一旁的人很不理解,捅了下洛望飞的胳膊,开门见山地问,“你怎么了?你爸妈都不在家,又没人会怪你。”
几个人里最会察言观色的肖栩开了口,“洛望飞,不会真像赵平川说的那样,你藏着什么秘密吧?”
肖栩坐到洛望飞身边,声音放轻了问,“该不会,是个人吧?你该不会给自己找了个割舍不下的羁绊吧?”
洛望飞给了肖栩一个冷眼,直挺挺怼回去,“脑子有问题就去医院,我可以现在就给你打120。”
赵平川拍着桌子大喊,连说了好几个“对”,“就是这样!他最近就是这样莫名其妙!动不动怼我!”

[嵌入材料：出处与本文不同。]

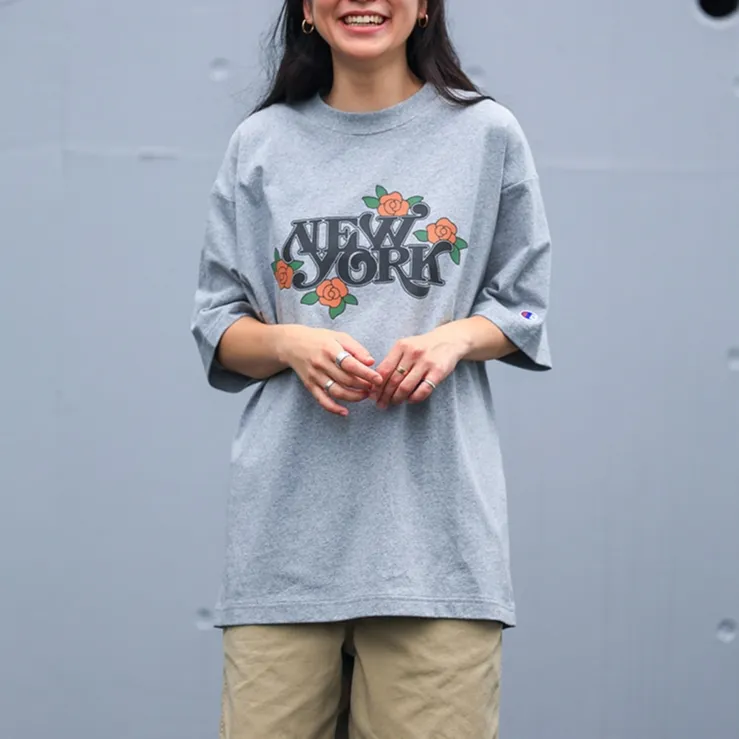 Champion Yusuke Komori Collaboration Model T-Shirts Unisex Gray-2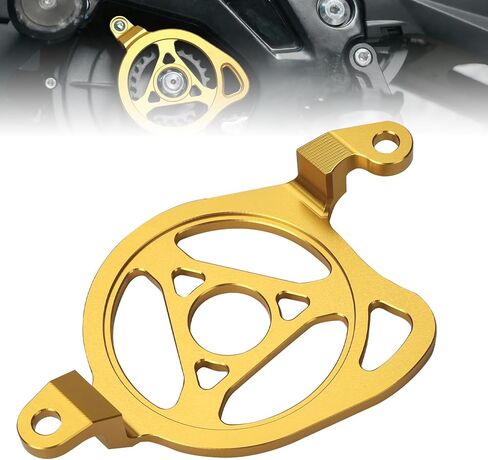 Engine Case Saver Cover Fit for Surron Light Bee X/S/L1E, Segway X160 X260 Electric Dirt Bike – CNC Aluminum Alloy Pulley Guard Protector, Silver in Saudi Arabia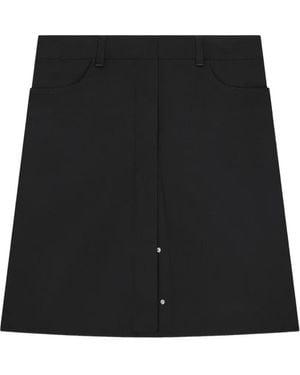 Courreges Minigonna Con Bottoni A Pressione - Nero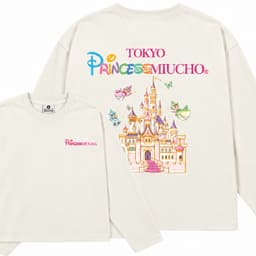 Áo thun nữ boxy tay dài,áo phông Unisex form rộng họa tiết công chúa tóc mây dễ thương phong cách Hàn 8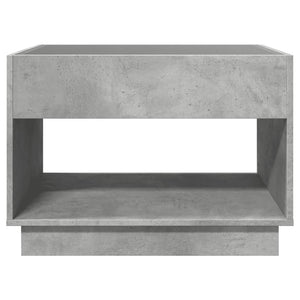 Couchtisch Betongrau mit Infinity-LED 70x50 cm
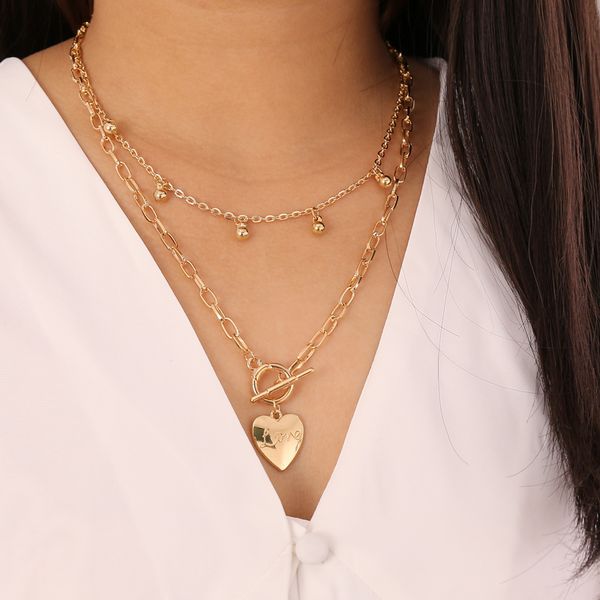 cowbread multi layer lover necklace for women letter party female pendant necklace padlock heart chain jewelry gift, Silver
cowbread multi layer lover necklace for women letter party female pendant necklace padlock heart chain jewelry gift, Silver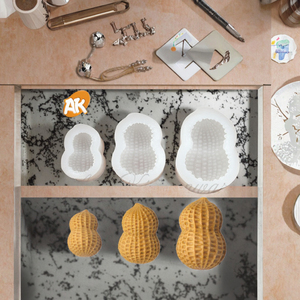 Moule en silicone 3D en forme d'ours pour fondant, gâteau, pudding, chocolat, pour la pâtisserie et les fournitures décoratives - Product Image 3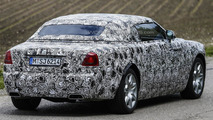 Rolls-Royce Wraith Drophead Coupe spy photo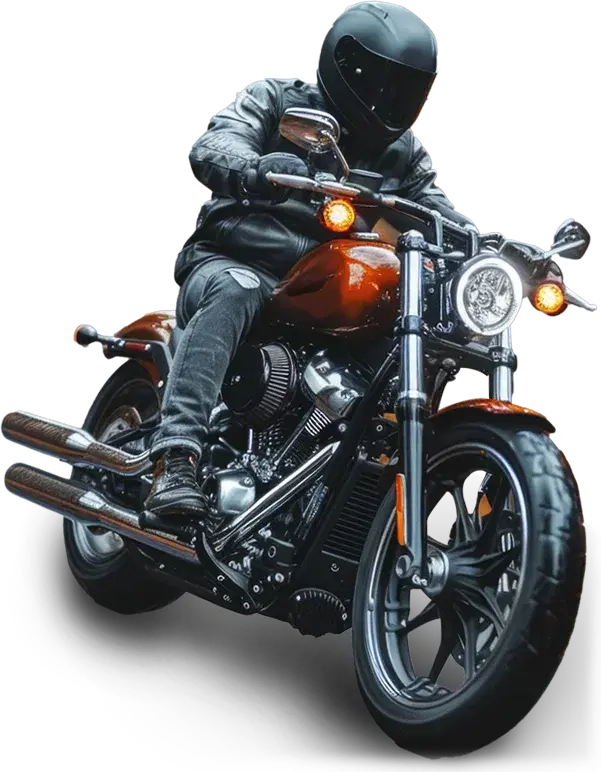 Royal Enfield motorcycle on Himalayan road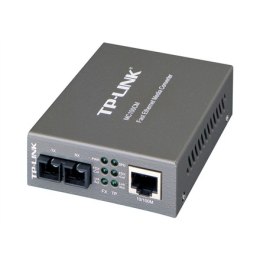 TP-LINK | MC100CM | Fibre media converter - RJ-45 / SC multi-mode | Ethernet 10Base-T | Ethernet 100Base-FX | Ethernet 100Base-T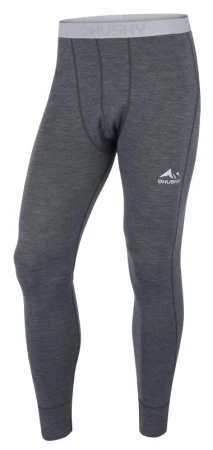 Husky Merea M dark grey/light grey merino termoprádlo kalhoty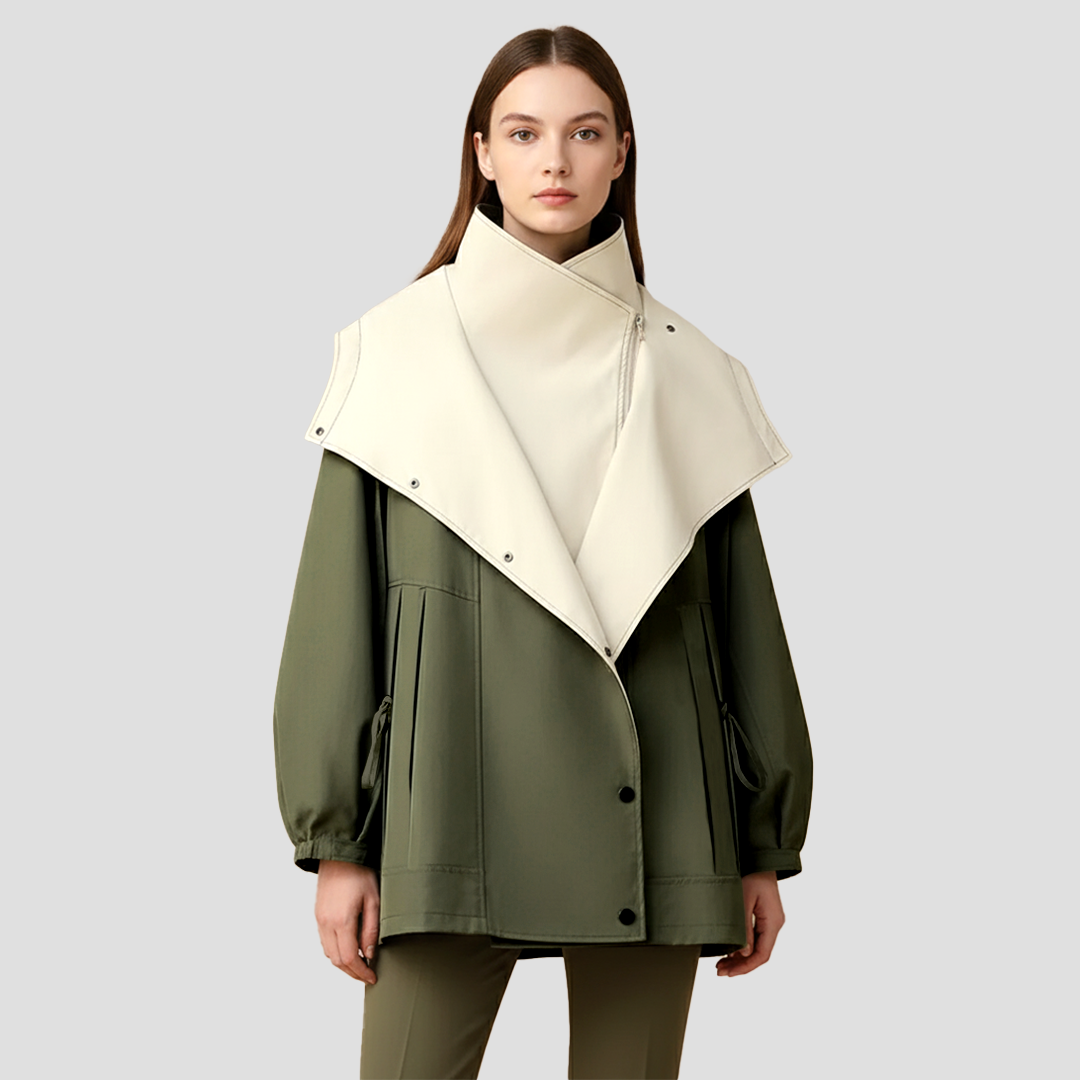 Women’s Oversized High Neck Drawstring Jacket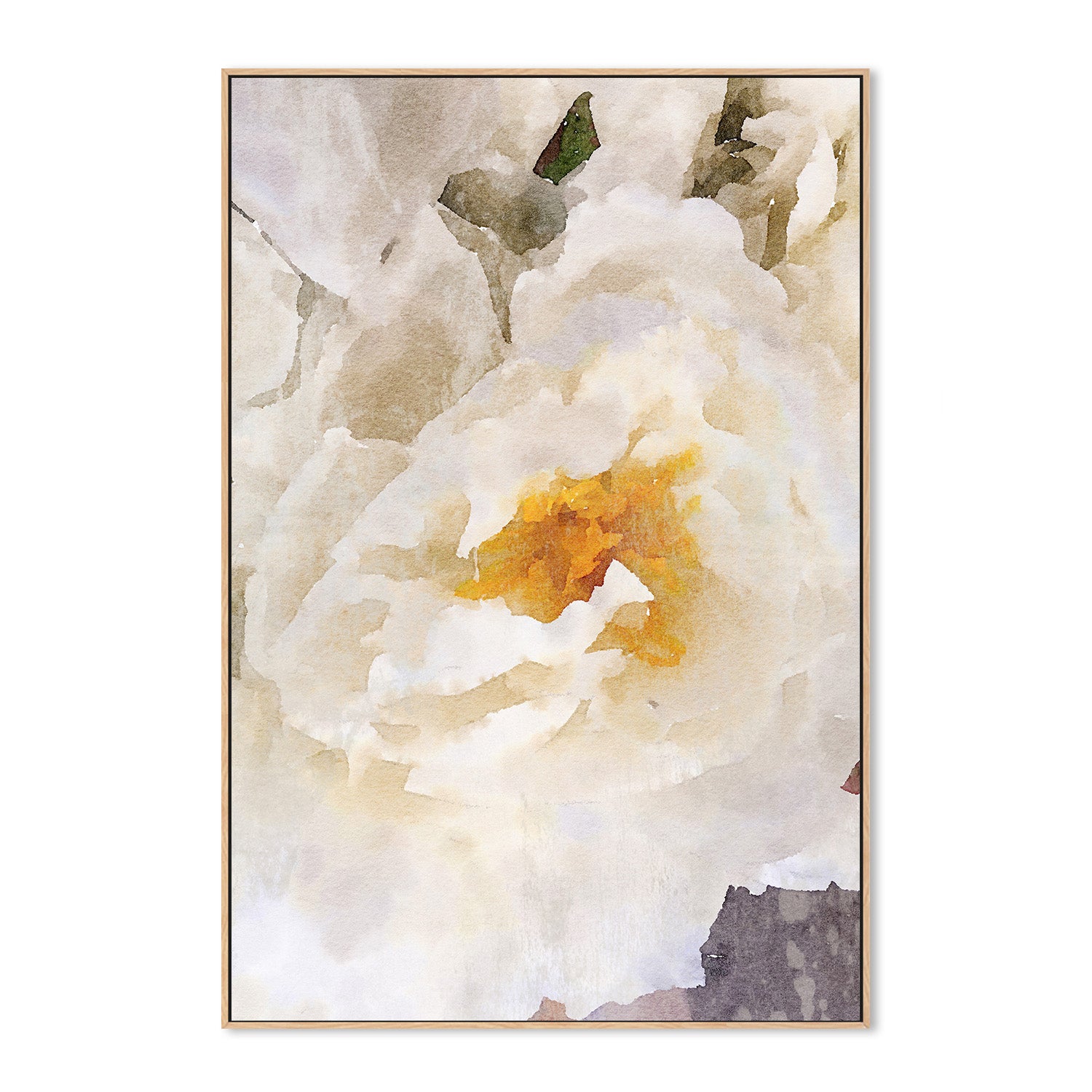 wall-art-print-canvas-poster-framed-Lush Peony Flower , By Irena Orlov-4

肖栩抿了一口杯子里的液体,下了定论,“洛望飞,你被我说中了。”
洛望飞的兴头一扫而空,把钱付了就走了,“你们该清醒一点。”
他的步子很稳,走的很快,不一会儿就不见了人影。
赵平川还在好奇,肖栩已经笑了起来,斩钉截铁地说:“洛望飞没救了。”
越不肯承认的,才是埋在心底越深的。
洛望飞要是大大方方认了,那才是可有可无不上心。
肖栩更好奇的是,什么会让洛望飞顾忌。
洛望飞父母这对传奇人物都没能驯服洛望飞的半根骨头,泼天的富贵也没让他留恋。
什么能让他闭口不提,犹豫不决。
洛望飞回到家的时候,一眼看见沙发上拱起的小山包。
向晚星蜷缩成一团,身上盖的毯子半掉到地上,肚子往下都没盖着,要不是屋子里开了空调,一准着凉。